Exercise aim: In the copy, include every entry exactly but none of the images.

** Opening Excerpted data block **

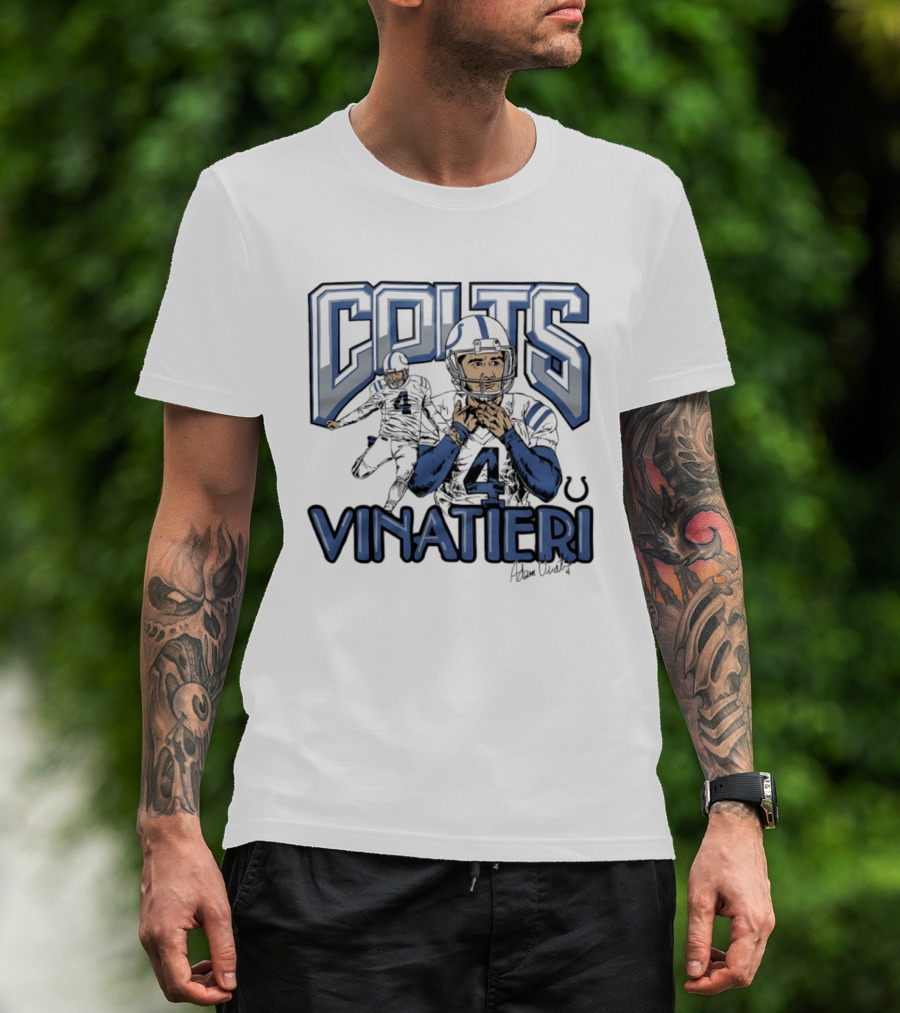 Indianapolis Colts Adam Vinatieri Football Number 4 Fan Gear T-Shirt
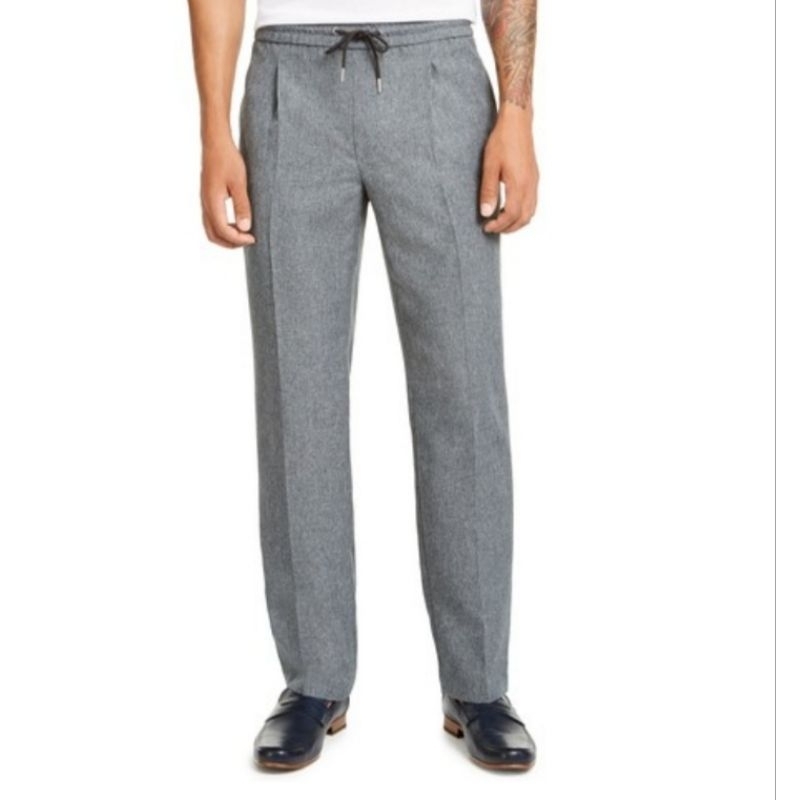 Celana Panjang Abu Grey Pria Pinggang Tali Pleated Drawstring Pants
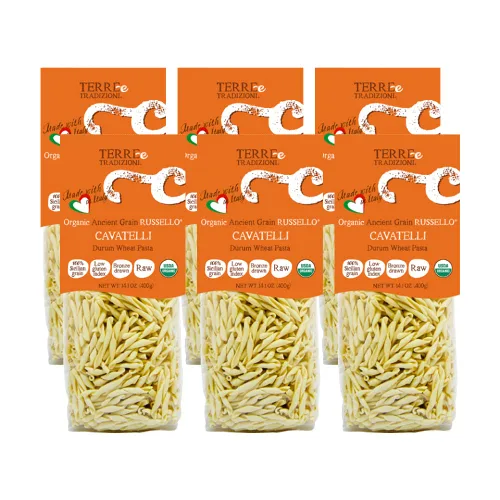 Miniatura 8 de 3 paquetes de pastas de trigo italiano orgánico durum, cavatelli – Russelló de grano antiguo siciliano vegano elaborado en Italia. Índice bajo
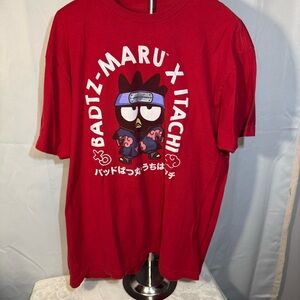 Naruto Shippuden x Hello Kitty Badtz-Maru Itachi Graphic Tee Red XL Anime Shirt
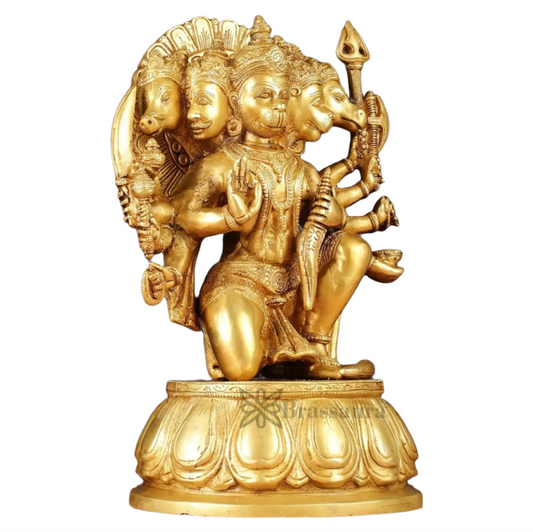Brassaura™ Handcrafted Superfine Brass Panchmukhi Hanuman Idol – Height 13.5 Inches & Weight 9 Kgs | Heat-Treated Golden Permanent Finish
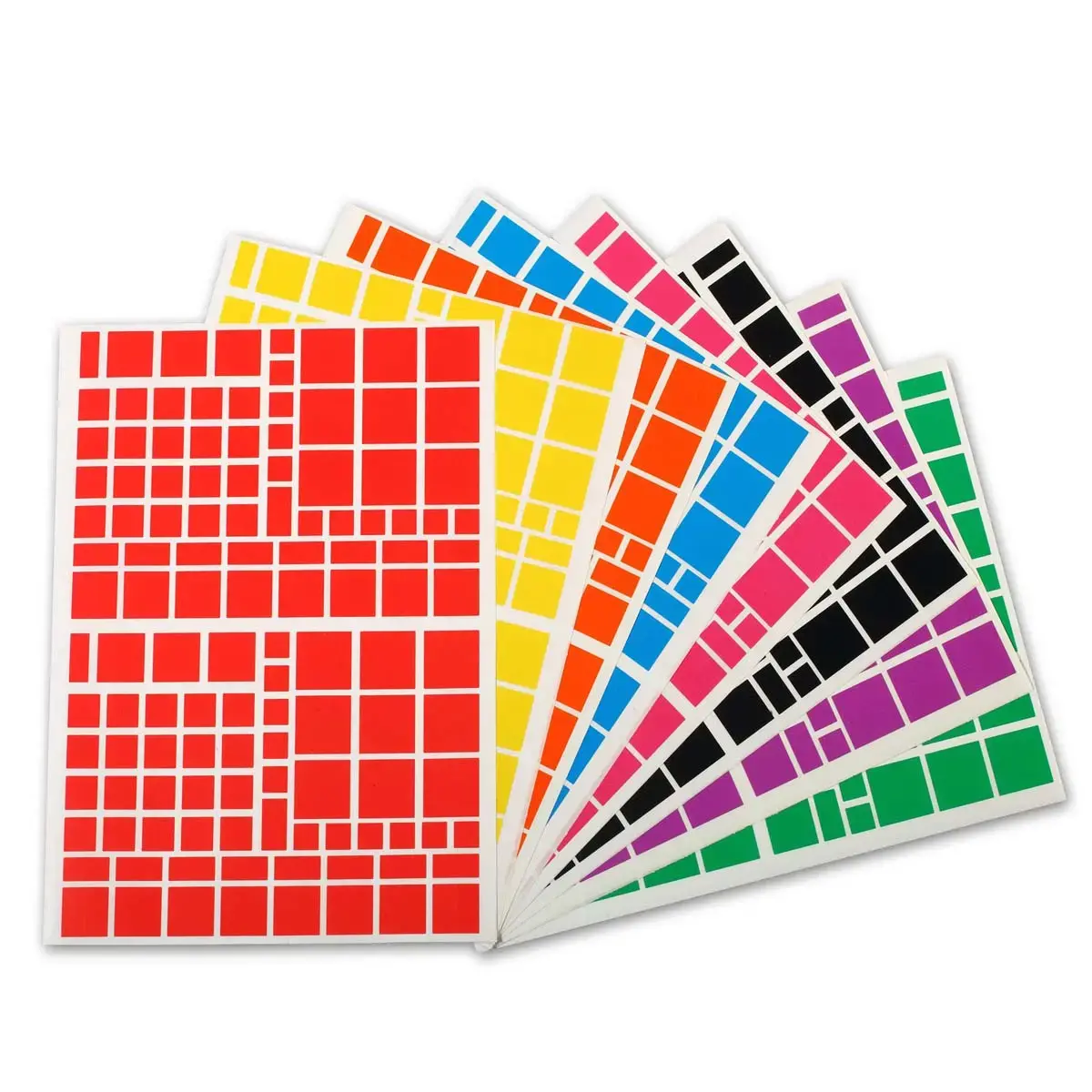 Gommettes enlevables carrés de couleurs assorties 18 feuillesles - Apli photo du produit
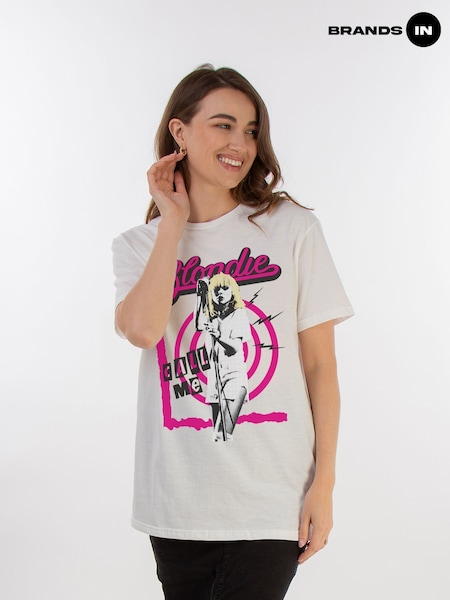 Brands In White Blondie Call Me Women Boyfriend Fit Music T-Shirt (E11466) | €33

** Closing Excerpted data block **

Task result:
 Indianapolis Colts Adam Vinatieri Football Number 4 Fan Gear T-Shirt
 Celana Panjang Abu Grey Pria Pinggang Tali Pleated Drawstring Pants
 Miniatura 8 de 3 paquetes de pastas de trigo italiano orgánico durum, cavatelli – Russelló de grano antiguo siciliano vegano elaborado en Italia. Índice bajo
 Naruto Shippuden x Hello Kitty Badtz-Maru Itachi Graphic Tee Red XL Anime Shirt
Brassaura™ Handcrafted Superfine Brass Panchmukhi Hanuman Idol – Height 13.5 Inches & Weight 9 Kgs | Heat-Treated Golden Permanent Finish
 Gommettes enlevables carrés de couleurs assorties 18 feuillesles - Apli photo du produit
 Brands In White Blondie Call Me Women Boyfriend Fit Music T-Shirt (E11466) | €33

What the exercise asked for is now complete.